% File src/library/parallel/man/clusterApply.Rd
% Part of the R package, http://www.R-project.org
% Copyright 2003-2012 R Core Team
% Distributed under GPL 2 or later

\newcommand{\CRANpkg}{\href{http://CRAN.R-project.org/package=#1}{\pkg{#1}}}

\name{clusterApply}

\alias{clusterApply}
\alias{clusterApplyLB}
\alias{clusterCall}
\alias{clusterEvalQ}
\alias{clusterExport}
\alias{clusterMap}
\alias{clusterSplit}
\alias{parApply}
\alias{parCapply}
\alias{parLapply}
\alias{parRapply}
\alias{parSapply}
\alias{parLapplyLB}
\alias{parSapplyLB}

\title{Apply Operations using Clusters}
\description{
  These functions provide several ways to parallelize computations using
  a cluster.
}
\usage{
clusterCall(cl = NULL, fun, ...)
clusterApply(cl = NULL, x, fun, ...)
clusterApplyLB(cl = NULL, x, fun, ...)
clusterEvalQ(cl = NULL, expr)
clusterExport(cl = NULL, varlist, envir = .GlobalEnv)
clusterMap(cl = NULL, fun, ..., MoreArgs = NULL, RECYCLE = TRUE,
           SIMPLIFY = FALSE, USE.NAMES = TRUE,
           .scheduling = c("static", "dynamic"))
clusterSplit(cl = NULL, seq)

parLapply(cl = NULL, X, fun, ...)
parSapply(cl = NULL, X, FUN, ..., simplify = TRUE,
          USE.NAMES = TRUE)
parApply(cl = NULL, X, MARGIN, FUN, ...)
parRapply(cl = NULL, x, FUN, ...)
parCapply(cl = NULL, x, FUN, ...)

parLapplyLB(cl = NULL, X, fun, ...)
parSapplyLB(cl = NULL, X, FUN, ..., simplify = TRUE,
            USE.NAMES = TRUE)
}
\arguments{
  \item{cl}{a cluster object, created by this package or by package
    \CRANpkg{snow}.  If \code{NULL}, use the registered default cluster.}
  \item{fun, FUN}{function or character string naming a function.}
  \item{expr}{expression to evaluate.}
  \item{seq}{vector to split.}
  \item{varlist}{character vector of names of objects to export.}
  \item{envir}{environment from which t export variables}
  \item{x}{a vector for \code{clusterApply} and \code{clusterApplyLB}, a
    matrix for \code{parRapply} and \code{parCapply}.}
  \item{...}{additional arguments to pass to \code{fun} or \code{FUN}:
    beware of partial matching to earlier arguments.}
  \item{MoreArgs}{additional arguments for \code{fun}.}
  \item{RECYCLE}{logical; if true shorter arguments are recycled.}
  \item{X}{A vector (atomic or list) for \code{parLapply} and
    \code{parSapply}, an array for \code{parApply}.}
  \item{MARGIN}{vector specifying the dimensions to use.}
  \item{simplify, USE.NAMES}{logical; see \code{\link{sapply}}.}
  \item{SIMPLIFY}{logical; see \code{\link{mapply}}.}
  \item{.scheduling}{should tasks be statically allocated to nodes or
    dynamic load-balancing used?}
}
\details{
  \code{clusterCall} calls a function \code{fun} with identical
  arguments \code{...} on each node.

  \code{clusterEvalQ} evaluates a literal expression on each cluster
  node.  It is a parallel version of \code{\link{evalq}}, and is a
  convenience function invoking \code{clusterCall}.

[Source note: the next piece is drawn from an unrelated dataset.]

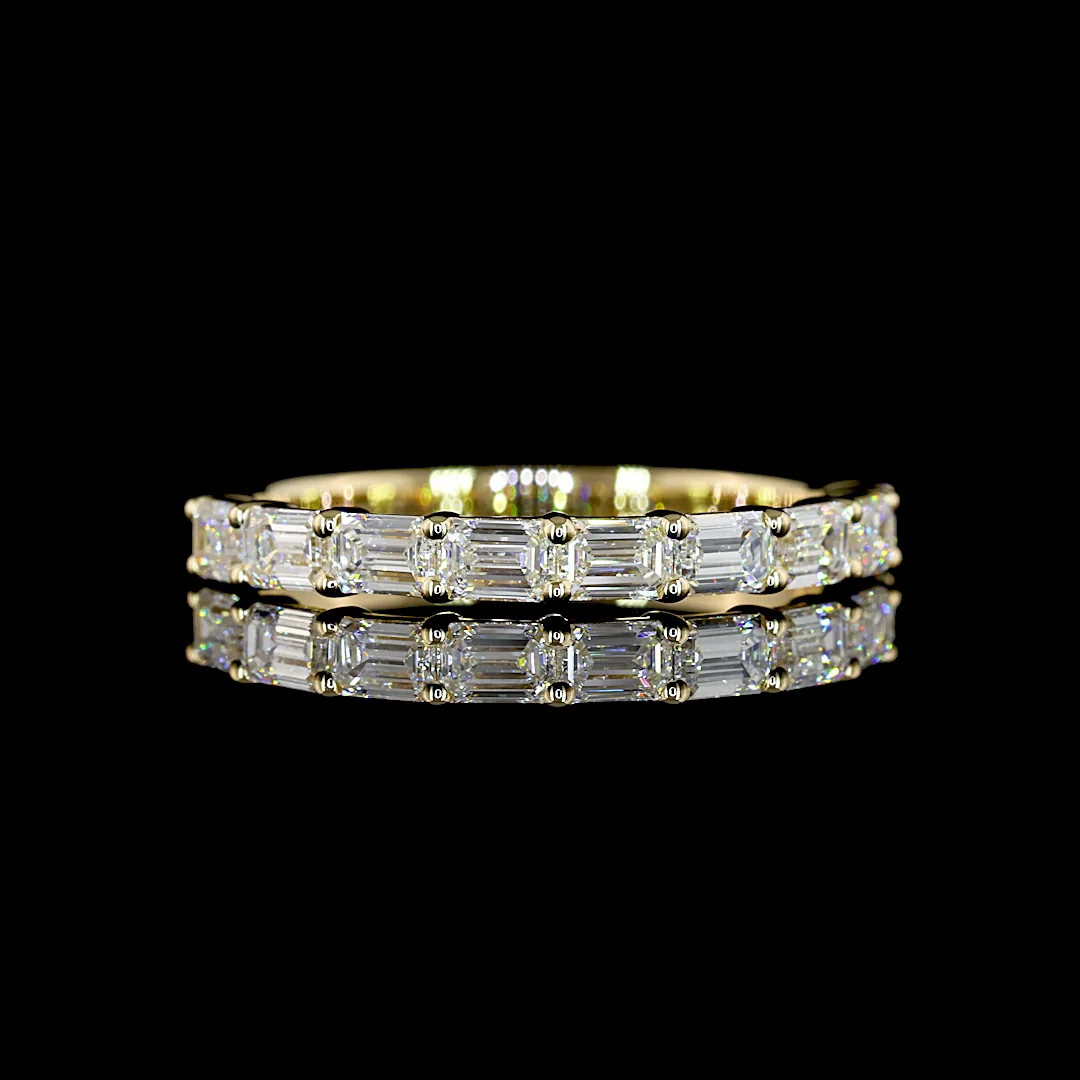 0.93 Cts 14k Yellow Gold Emerald Shape Half Eternity Eternity Band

  \code{clusterApply} calls \code{fun} on the first node with
  arguments \code{seq[[1]]} and \code{...}, on the second node with
  \code{seq[[2]]} and \code{...}, and so on, recycling nodes as needed.

  \code{clusterApplyLB} is a load balancing version of
  \code{clusterApply}.  If the length \code{p} of \code{seq} is not
  greater than the number of nodes \code{n}, then a job is sent to
  \code{p} nodes.  Otherwise the first \code{n} jobs are placed in order
  on the \code{n} nodes.  When the first job completes, the next job is
  placed on the node that has become free; this continues until all jobs
  are complete.  Using \code{clusterApplyLB} can result in better
  cluster utilization than using \code{clusterApply}, but increased
  communication can reduce performance.  Furthermore, the node that
  executes a particular job is non-deterministic.

  \code{clusterMap} is a multi-argument version of \code{clusterApply},
  analogous to \code{\link{mapply}} and \code{\link{Map}}.  If
  \code{RECYCLE} is true shorter arguments are recycled (and either none
  or all must be of length zero); otherwise, the result length is the
  length of the shortest argument.  Nodes are recycled if the length of
  the result is greater than the number of nodes.  (\code{mapply} always
  uses \code{RECYCLE = TRUE}, and has argument \code{SIMPLIFY = TRUE}.
  \code{Map} always uses \code{RECYCLE = TRUE}.)

  \code{clusterExport} assigns the values on the master \R process of
  the variables named in \code{varlist} to variables of the same names
  in the global environment (aka \sQuote{workspace}) of each node.  The
  environment on the master from which variables are exported defaults
  to the global environment.

  \code{clusterSplit} splits \code{seq} into a consecutive piece for
  each cluster and returns the result as a list with length equal to the
  number of nodes.  Currently the pieces are chosen to be close
  to equal in length: the computation is done on the master.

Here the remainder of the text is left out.